Passando dal genus alla species notiamo che, tra le regioni italiane, sono quelle del Nord a fornire il contributo maggiore al ricambio della popolazione, anche grazie alla rilevante presenza di stranieri: 1,63 figli per donna in Trentino e 1,51 in Lombardia. Se la maggior parte delle regioni meridionali si trova ben al di sotto della media nazionale (Basilicata e Molise chiudono la classifica con la Sardegna), stupisce trovare la Sicilia all’ottavo posto, con un tasso di fecondità di 1,41 figli per donna, appena dopo il Piemonte e prima della Toscana. Un dato incoraggiante, considerando la media nazionale (1,43), ma quasi tragico a voler considerare il range di variazione degli ultimi trent’anni: se le regioni settentrionali hanno visto crescere i propri modesti tassi di fecondità dal 1995 in poi, in Sicilia si è passati dai 2,22 figli per donna del 1980 (addirittura al di sopra della cd. soglia di sostituzione) alle attuali, deprimenti, percentuali.
Una picchiata senza precedenti che non manca di generare ripercussioni sulla complessiva economia dell’Isola: poche nascite, emigrazione, popolazione che invecchia, interi paesi spopolati…sappiamo bene come la demografia possa incidere sulla produttività di uno Stato e, quindi, sul benessere di chi vi abita. Eppure, non è il caso di scoraggiarsi! I siciliani continuano a dimostrare il loro amore per la vita nonostante l’andamento generale delle statistiche.
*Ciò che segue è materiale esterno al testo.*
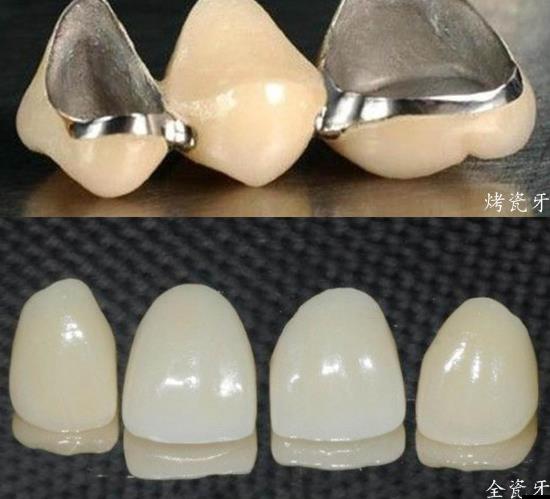 烤瓷牙和全瓷牙的优缺点(图1)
L’età media al parto delle donne siciliane, sempre negli ultimi trent’anni, ha subito un aumento non trascurabile, ma neanche tragico: 27 anni circa nel 1980, poco più di 30 anni nel 2012, in controtendenza rispetto alle regioni del Centro e del Nord (vedi Lazio, 32 anni, e Veneto, 31.6). Dall’analisi di questi dati statistici, forse un aspetto emerge con più chiarezza: non è facile assecondare le proprie nobili aspirazioni in un periodo di forte recessione, in cui molte persone non vedono la luce in fondo al proprio tunnel di precarietà, ma di sicuro c’è bisogno di più coraggio, di tenacia, di apertura alla vita per invertire questa triste realtà. Coraggio delle coppie, senz’altro, ma anche coraggio delle istituzioni, a cui spetta di promuovere una cultura della vita non solo a parole, ma con i fatti: maggiore stabilità occupazionale (ma senza le false promesse delle logiche clientelari), sostegno economico, incentivi alla maternità, politiche del lavoro efficienti e di lungo periodo.